Problem requirements> The response must reproduce exactly every line of the material below holding the word "Hill".

** Records supplied follows **

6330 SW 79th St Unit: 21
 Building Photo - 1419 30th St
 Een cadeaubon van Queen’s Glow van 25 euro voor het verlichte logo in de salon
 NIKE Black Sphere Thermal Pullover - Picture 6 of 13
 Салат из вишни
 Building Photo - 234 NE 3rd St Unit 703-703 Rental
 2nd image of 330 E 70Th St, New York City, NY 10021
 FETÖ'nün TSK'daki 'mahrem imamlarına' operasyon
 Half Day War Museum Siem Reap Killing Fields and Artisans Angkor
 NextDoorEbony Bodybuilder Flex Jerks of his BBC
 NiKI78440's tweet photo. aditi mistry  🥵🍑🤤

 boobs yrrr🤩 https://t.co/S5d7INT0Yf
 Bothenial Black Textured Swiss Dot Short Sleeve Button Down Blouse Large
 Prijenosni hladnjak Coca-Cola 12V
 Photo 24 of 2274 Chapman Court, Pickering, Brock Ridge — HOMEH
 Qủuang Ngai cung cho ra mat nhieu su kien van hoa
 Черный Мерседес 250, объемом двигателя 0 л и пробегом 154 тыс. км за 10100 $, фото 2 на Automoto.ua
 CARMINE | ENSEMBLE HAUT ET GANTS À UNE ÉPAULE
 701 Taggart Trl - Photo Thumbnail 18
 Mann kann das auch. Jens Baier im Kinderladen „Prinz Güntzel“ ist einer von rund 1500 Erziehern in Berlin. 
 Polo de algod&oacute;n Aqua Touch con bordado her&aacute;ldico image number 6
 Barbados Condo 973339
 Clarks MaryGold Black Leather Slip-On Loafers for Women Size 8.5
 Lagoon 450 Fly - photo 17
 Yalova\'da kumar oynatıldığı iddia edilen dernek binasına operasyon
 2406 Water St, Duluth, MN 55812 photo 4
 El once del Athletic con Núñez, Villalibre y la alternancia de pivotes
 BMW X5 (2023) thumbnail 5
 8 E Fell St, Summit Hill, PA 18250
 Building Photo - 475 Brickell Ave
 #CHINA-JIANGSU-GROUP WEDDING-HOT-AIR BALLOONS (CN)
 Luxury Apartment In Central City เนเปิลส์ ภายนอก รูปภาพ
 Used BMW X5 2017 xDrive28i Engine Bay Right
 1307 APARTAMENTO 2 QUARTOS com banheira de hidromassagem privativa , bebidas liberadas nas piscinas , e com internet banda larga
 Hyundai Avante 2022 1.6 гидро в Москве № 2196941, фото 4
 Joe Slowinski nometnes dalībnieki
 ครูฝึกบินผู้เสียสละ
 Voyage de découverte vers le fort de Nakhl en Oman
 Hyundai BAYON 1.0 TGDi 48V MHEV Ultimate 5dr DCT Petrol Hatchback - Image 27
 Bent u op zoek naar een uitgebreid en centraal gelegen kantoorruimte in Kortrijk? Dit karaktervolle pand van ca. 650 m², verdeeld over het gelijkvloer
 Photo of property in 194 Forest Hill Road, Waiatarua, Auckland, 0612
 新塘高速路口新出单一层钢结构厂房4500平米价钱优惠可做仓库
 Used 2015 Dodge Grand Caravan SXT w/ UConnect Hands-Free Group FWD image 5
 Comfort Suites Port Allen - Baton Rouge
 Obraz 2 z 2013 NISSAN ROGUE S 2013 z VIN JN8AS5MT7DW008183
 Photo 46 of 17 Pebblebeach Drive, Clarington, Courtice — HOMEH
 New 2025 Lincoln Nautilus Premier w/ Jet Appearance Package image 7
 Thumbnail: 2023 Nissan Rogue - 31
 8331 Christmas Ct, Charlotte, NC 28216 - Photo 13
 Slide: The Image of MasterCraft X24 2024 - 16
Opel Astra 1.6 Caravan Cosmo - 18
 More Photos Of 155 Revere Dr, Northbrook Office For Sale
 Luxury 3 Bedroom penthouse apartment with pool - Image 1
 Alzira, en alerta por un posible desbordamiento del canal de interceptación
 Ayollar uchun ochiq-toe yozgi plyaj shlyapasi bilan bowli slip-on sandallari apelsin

** End of Records supplied **

Solution>
 8 E Fell St, Summit Hill, PA 18250
 Photo of property in 194 Forest Hill Road, Waiatarua, Auckland, 0612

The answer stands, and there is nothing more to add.